112 Bize Şeybân (164), Yahya ibn Ebî Kesîr (129)’den; o da Ebû Seleme’den; o da Ebû Hureyre (radıyallahü anh)’den tahdîs etti ki (o şöyle demiştir): Huzâalılar Câhiliyyet günlerinde öldürülmüş bir müşrik Huzâalı’ya mukaabil Leys oğulları’ndan birini Mekke’nin fethi senesinde diğer bâzı rivayetlerin sevkine göre, fethin ertesi günü öldürmüşlerdi. Bu hâdise Peygamber’e haber verildi. Peygamber hemen devesine binip hitâb ederek şöyle buyurdu:
“Şübhesiz Allah katli yahut fîli Mekke’den habs (yani men’) etmiştir. -Katil ve fîl kelimelerinden hangisinin söylendiğinde Ebû Abdillah Buhârî şübhe etti- Ve Allah, Mekke ahâlîsine (bir kerre) Rasûlüllah ile mü’minleri musallat kıldı. Haberiniz olsun, Mekke benden evvel hiçbir kimse için halâl olmadığı gibi, benden sonra da hiçbir kimse için halâl olmayacaktır. Biliniz ki o yalnız bir günün bir saatinde yalnız benim için halâl olmuştur. Malûmunuz olsun ki, işte bu saatimde o benim için bile haramdır. Mekke’nin dikeni kesilmez, ağacına balta değdirilmez, yitiği kimse tarafından el uzatılıp alınamaz, meğerki sahibini arayacak için olur. O hâlde her kimin bir kimsesi katl olunursa iki şeyden hangisi kendisi hakkında hayırlı ise onu isteyebilir (yani iki şey arasında muhayyerdir): Ya kendisine diyet verilir, ya maktulün ehli kaatili kısas ettirir”.
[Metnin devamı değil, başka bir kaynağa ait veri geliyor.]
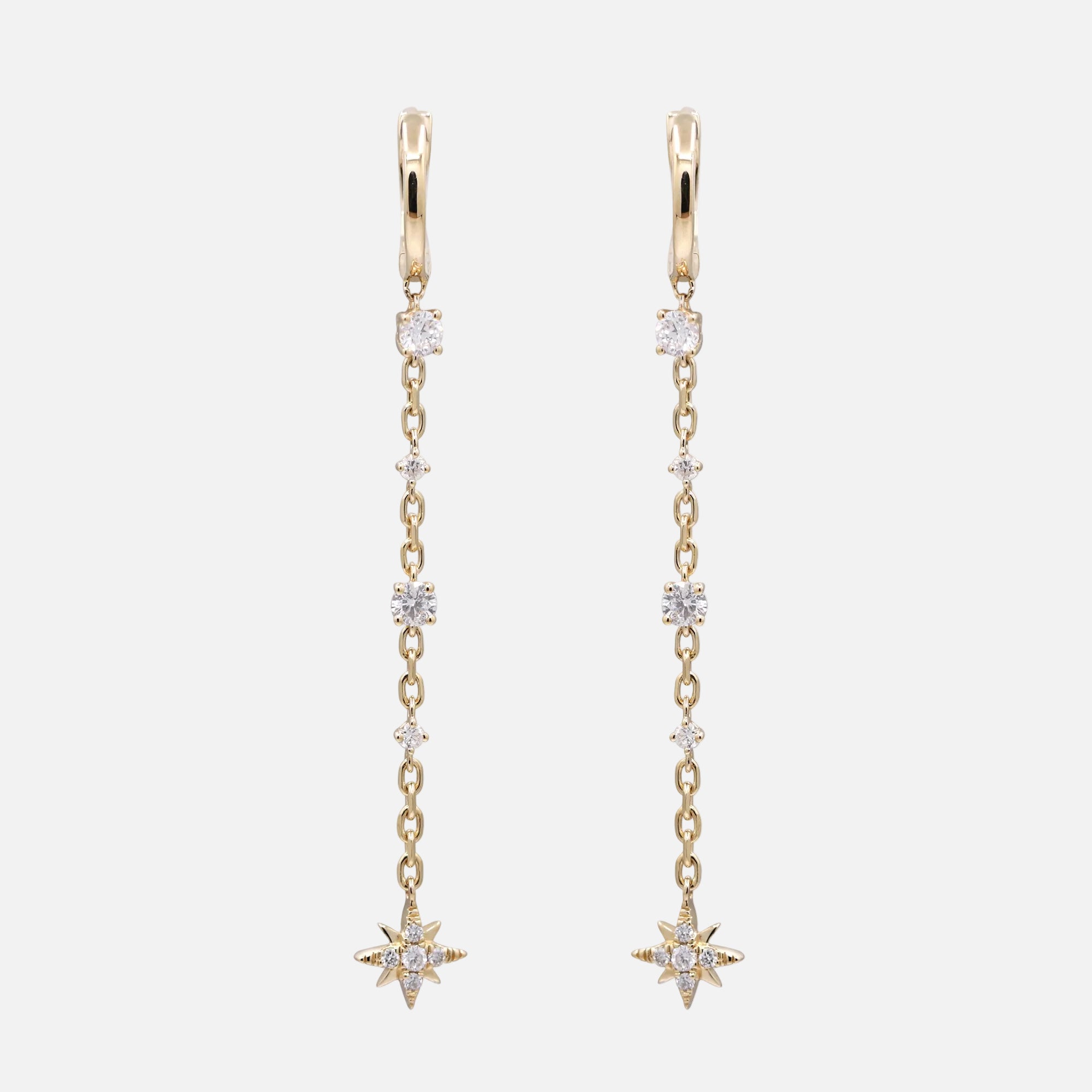 Diamond Star Drop Earrings featuring gold huggies and shimmering diamond accents in a playful design.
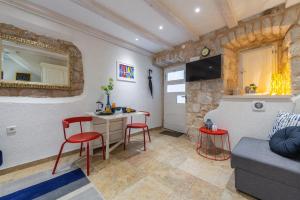 a living room with a table and two red chairs at Apartment Neva in Dubrovnik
Bunun üzerine Yemen ahâlîsinden bir kimse geldi de: Yâ Rasûlallah, (bu söylediklerini) benim için yaz! dedi. Rasûlüllah da: “Ebû Fulân (yani Ebû Şah) için yazınız” buyurdu. Derken Kureyş’ten bir zât: Yâ Rasûlallah! Izhır (yani Mekke ayrığı) müstesna olsun. Zîrâ biz onu evlerimizde ve kabirlerimizde kullanıyoruz, dedi. Bunun üzerine Peygamber (sallallahü aleyhi ve sellem): “Izhır otu müstesna, ızhır otu müstesna” buyurdu. Ebû Abdillah Buhârî der ki: Kısas edilir ma’nâsma “Kaved” masdarından kaaf harfi ile “Yukaadu” ( يُقَادُ )denilir. Ebû Abdillah Buhârî’ye: Peygamber’in o şahıs için yazdığı hangi şeydir? diye soruldu da, Buhârî: Peygamber o zât için bu hutbeyi yazdırmıştır, dedi.